Question submitted on Jan 15, 2014.


65 yr old single with 401k 100k retiree status. Need to take out 10k from acct and roll over the rest . How do I do this without too much tax penalty. And what should I rollover to?


You didn't indicate if your 401(k) includes any stock of your former employer. If it does, you may be eligible for a special tax benefit called "Net Unrealized Appreciation (NUA). A full discussion of that is beyond the scope of this response but, in brief, if you qualify and elect to take advantage of this benefit, it would allow you to pay a lower capital gains tax rate on the appreciation in your employer stock (instead of paying higher ordinary income tax rates).

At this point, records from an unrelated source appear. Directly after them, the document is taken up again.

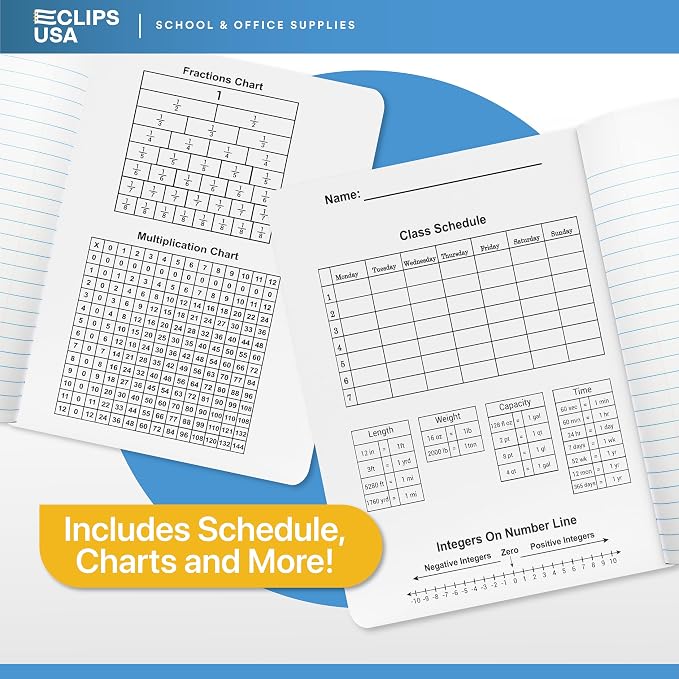 E-CLIPS USA Composition Notebook College Ruled Marble Composition Notebooks - Image 3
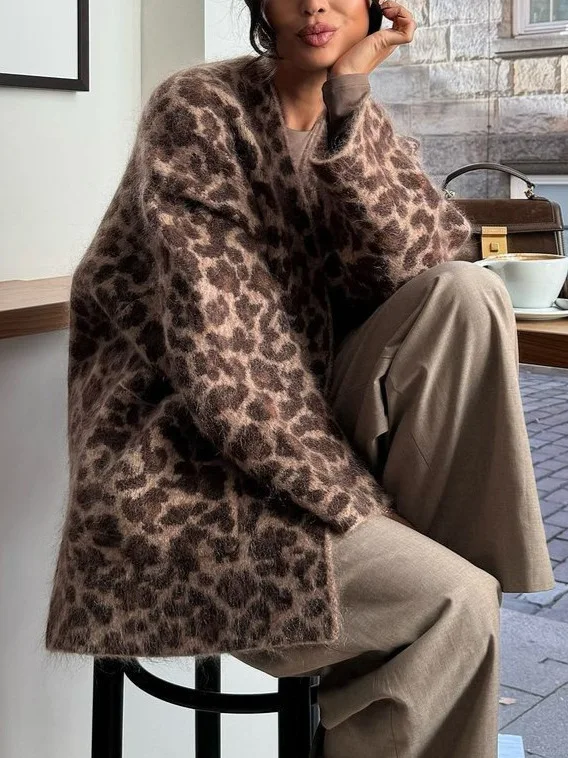 

European American Women's Leopard Print Casual Jaet Faionable Wool Blend Coat Sli Winter Outerwear for Ladies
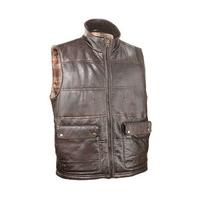 Dark Brown Men?s Nappa Leather Gilet Waistcoat, Size Large, Leather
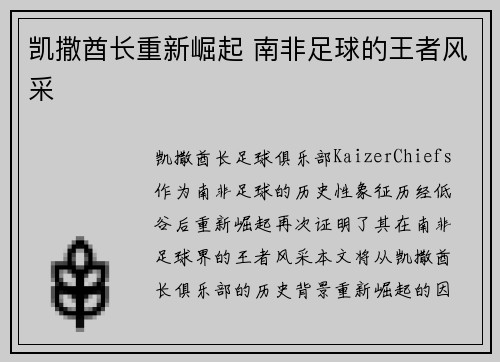 凯撒酋长重新崛起 南非足球的王者风采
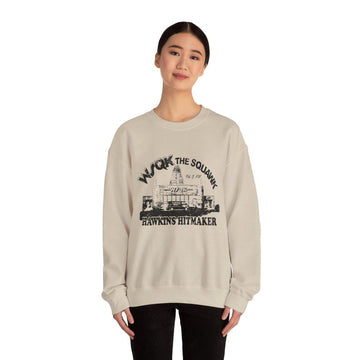 ST Radio Station WSQK "The Squawk" Hawkins Hitmaker Sweatshirt in Heather Gray, White, and Sand
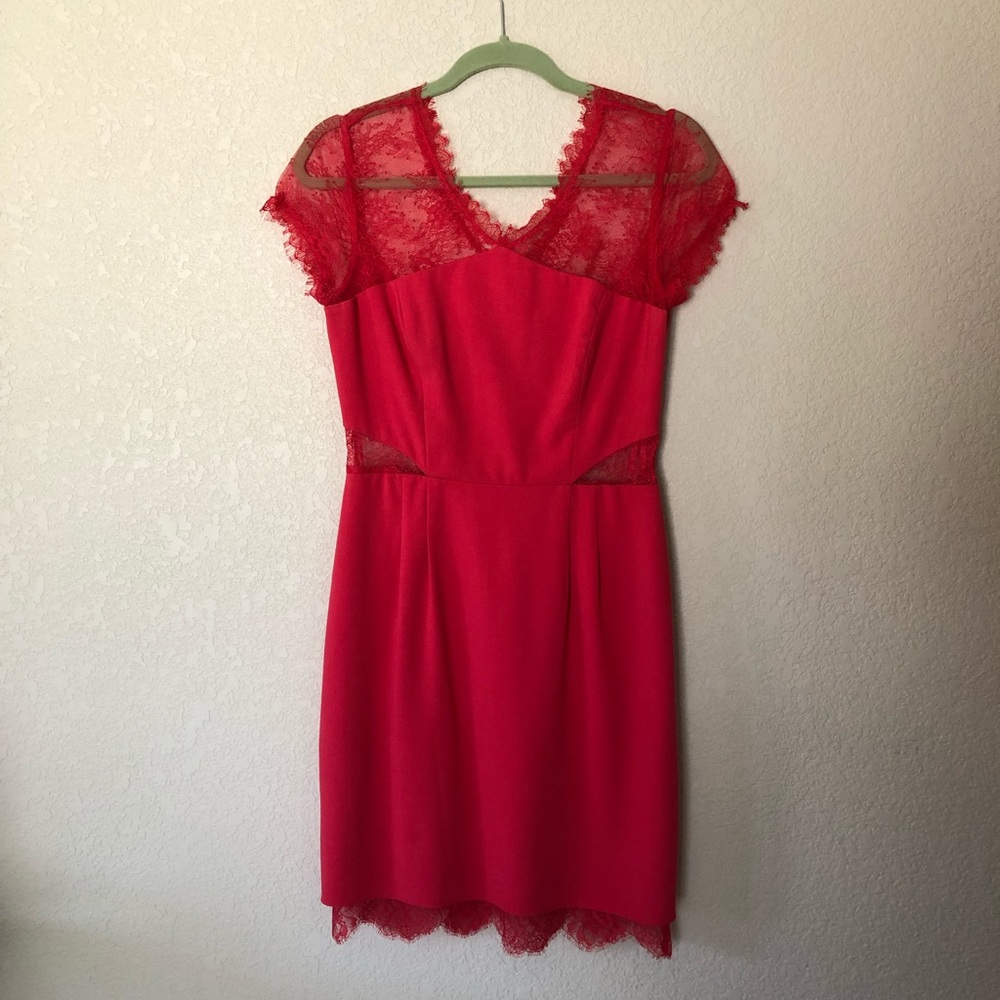 Sexy red 💄 BCBGMaxaria lace panel dress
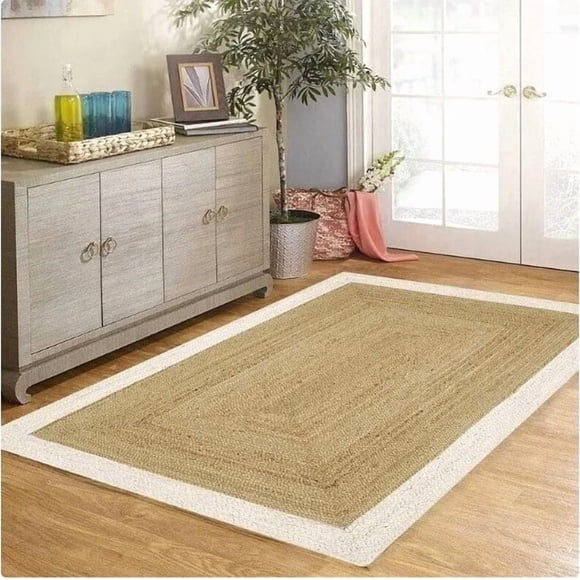 Aizza Trends 10x14 Ft White & Natural Jute Area Rug, Boho Chic Natural Jute Area Rug - Hand-Braided, Rustic Farmhouse Decor for Living Room Carpet,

Assuming that none of your 401(k) account includes employer stock, or you choose not to take advantage of NUA, the first thing you should do is roll over your entire 401(k) to an IRA account. The reason for this is that if you take a distribution from your 401(k), the plan sponsor will be required to withhold 20% income tax from the amount that you take. To accomplish this rollover, you should arrange to have your 401(k) balance transferred directly from the plan to a IRA custodian. If you have the plan make a distribution directly to you, 20% withholding is required even if you tell the sponsor that you plan to roll the distribution over to an IRA within the 60-day period during which that would be permitted.

Once you've got the money in an IRA you can take a withdrawal of any or all of your account without any mandatory withholding. Of course, you'll have to pay income tax at ordinary income tax rates on any distribution that you might take. However, no penalty taxes will apply since you''re over 59 1/2 to any distribution that you take regardless of whether it comes from your 401(k) or if you first put the money into an IRA.